(Short text fragments from websites)
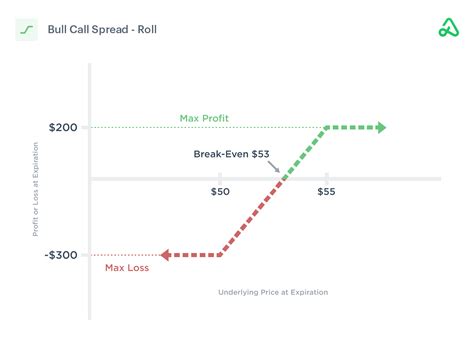 When Should I Buy Debit Spread Leia Aqui What Is The Downside Of A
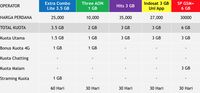 membandingkan kartu perdana dan benefit paket data 4g membandingkan kartu perdana dan benefit paket data 4g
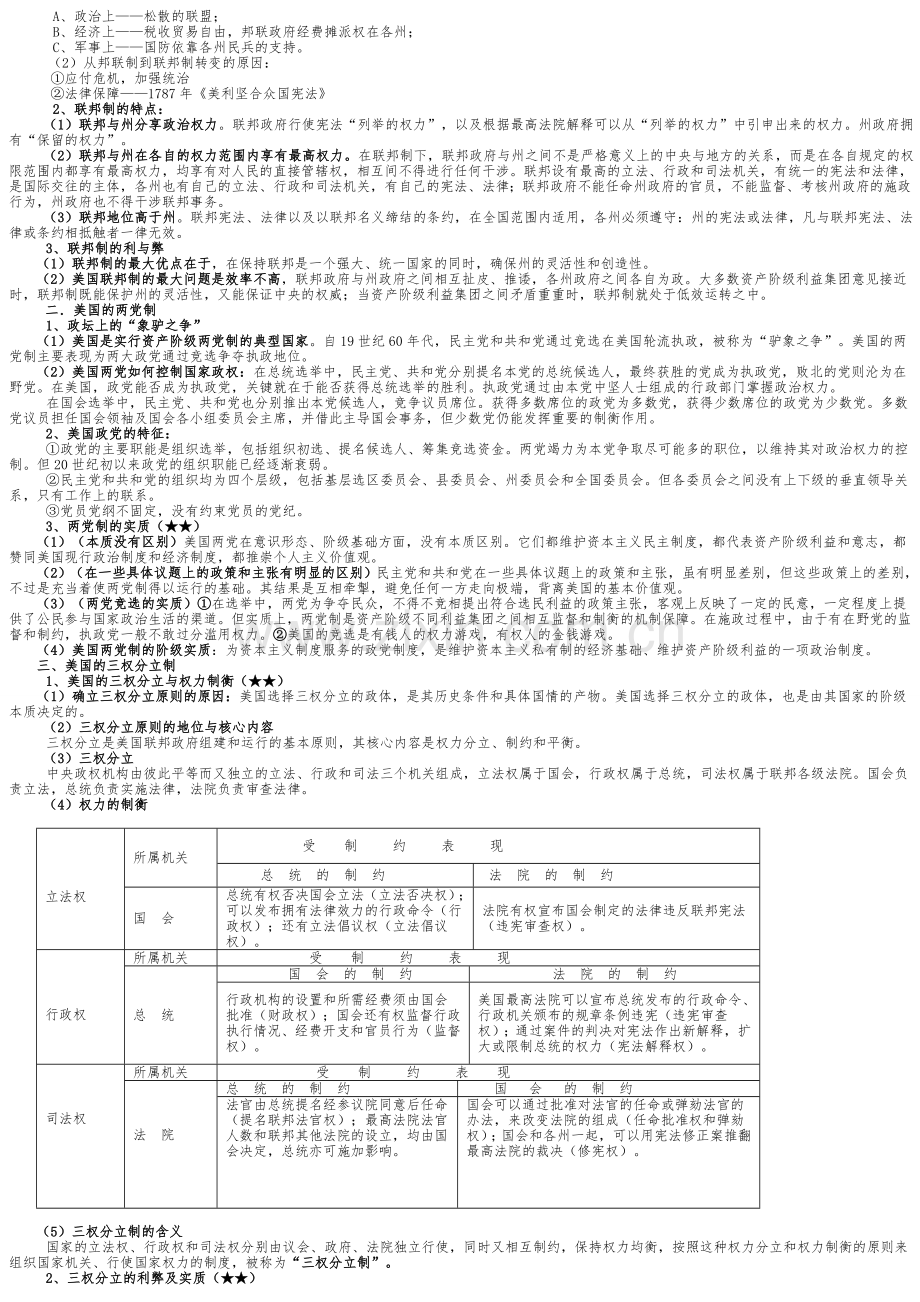 政治选修3--知识点汇总(详细).doc_第3页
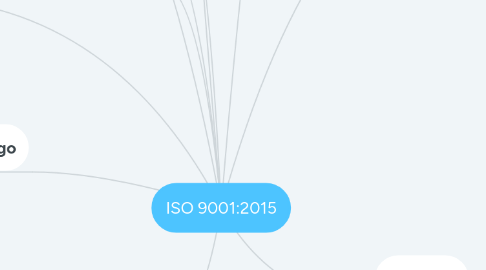 Mind Map: ISO 9001:2015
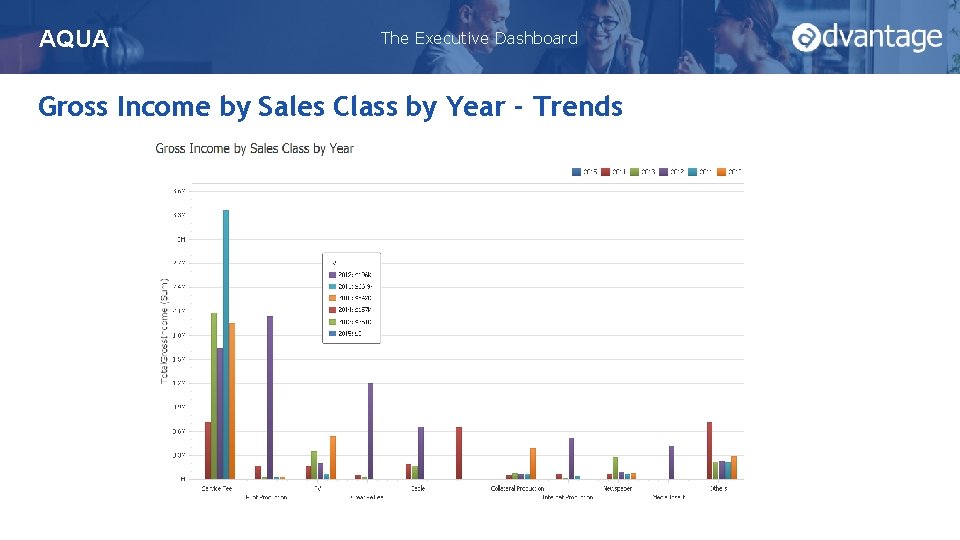 Aqua. Con 2016 AQUA Gross Income by Sales Class Trends The Executive Dashboard Gross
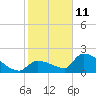 Water Keys S tide chart for Tuesday, January 11, 2022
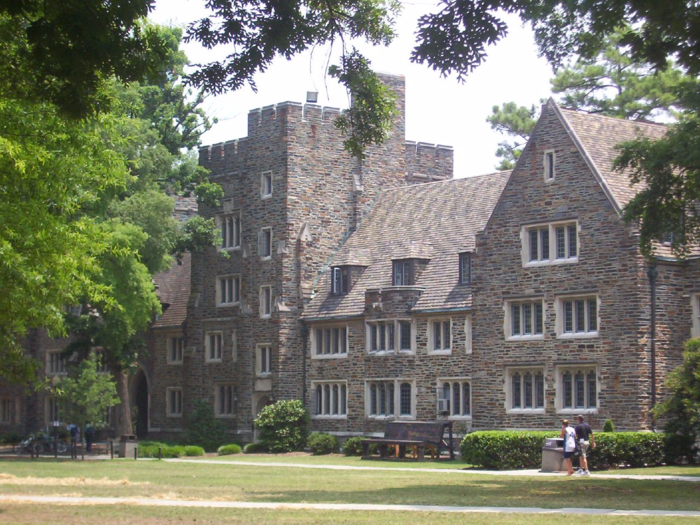 Duke University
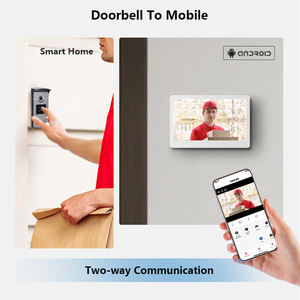 Sistema de Intercomunicación Doméstico WIFI de 7 Pulgadas con Cámara de 1080P, Intercomunicador Visual, Funciona con Cableado Ethernet CAT5E ≤2W - Product Image 3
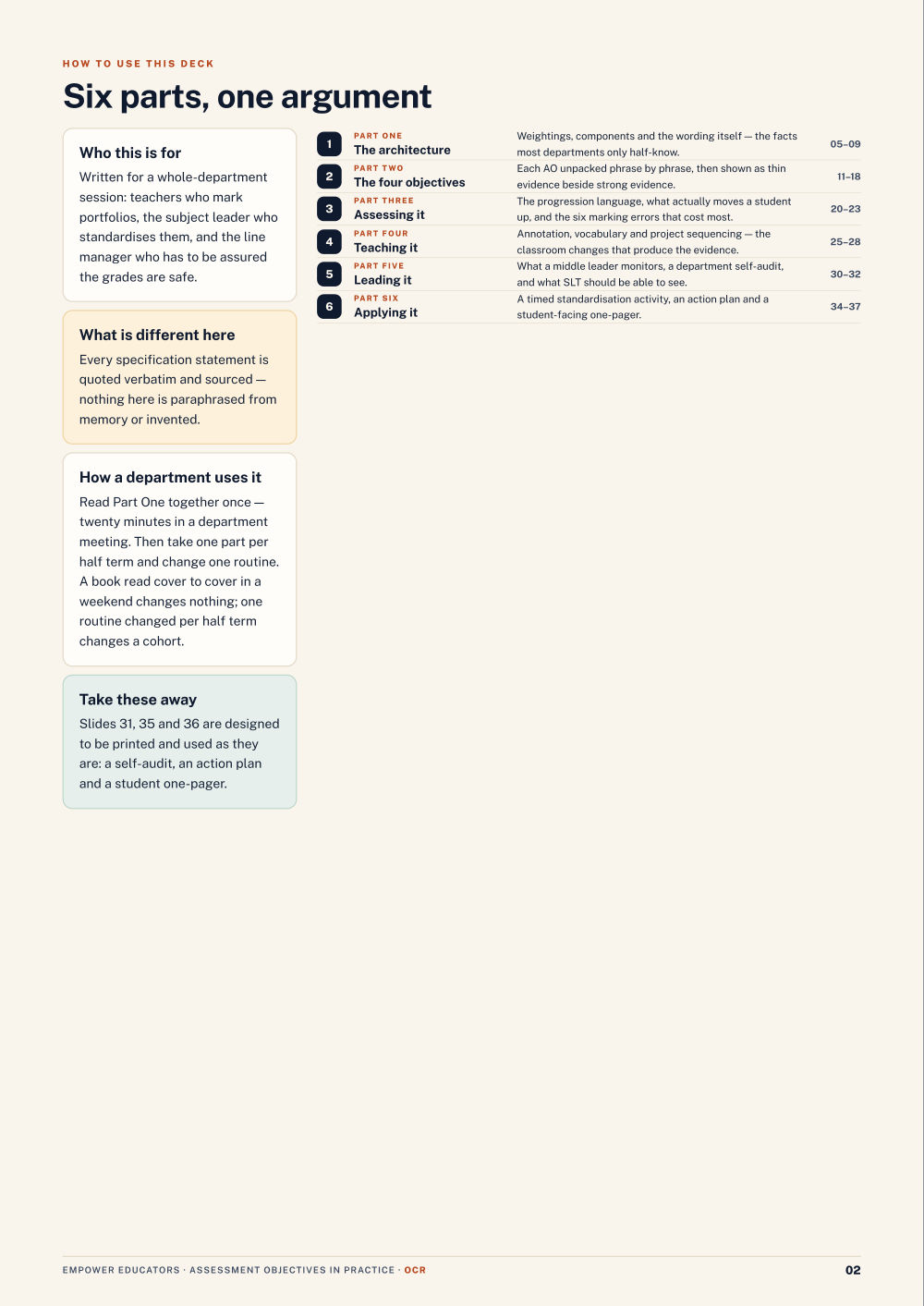 Page 2 of GCSE Art & Design — OCR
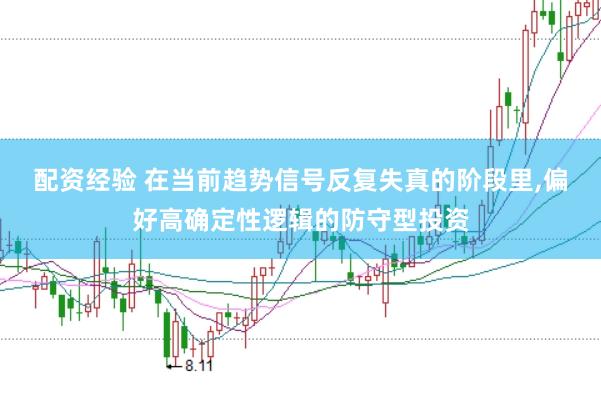 配资经验 在当前趋势信号反复失真的阶段里,偏好高确定性逻辑的防守型投资
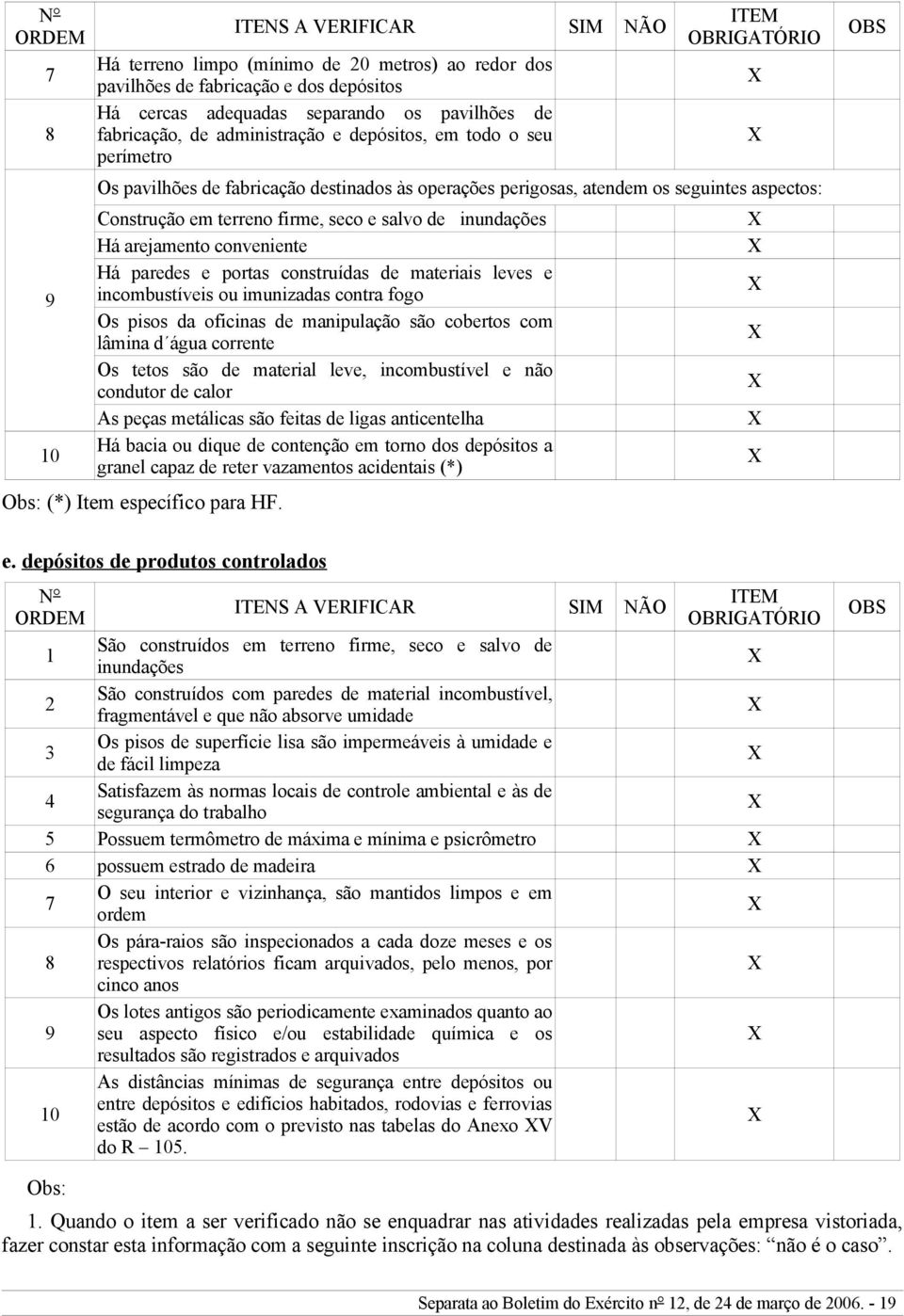 e portas construídas de materiais leves e incombustíveis ou imunizadas contra fogo Os pisos da oficinas de manipulação são cobertos com lâmina d água corrente Os tetos são de material leve,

▸ What the task requires
Restate, exactly as they appear, the line with "Sistema de Intercomunicación" and all the lines after it up to the end of the data above; images do not belong in the copy.

▸ Result for this exercise
 Sistema de Intercomunicación Doméstico WIFI de 7 Pulgadas con Cámara de 1080P, Intercomunicador Visual, Funciona con Cableado Ethernet CAT5E ≤2W - Product Image 3
 Page 2 of GCSE Art & Design — OCR
 配资经验 在当前趋势信号反复失真的阶段里,偏好高确定性逻辑的防守型投资
 e portas construídas de materiais leves e incombustíveis ou imunizadas contra fogo Os pisos da oficinas de manipulação são cobertos com lâmina d água corrente Os tetos são de material leve,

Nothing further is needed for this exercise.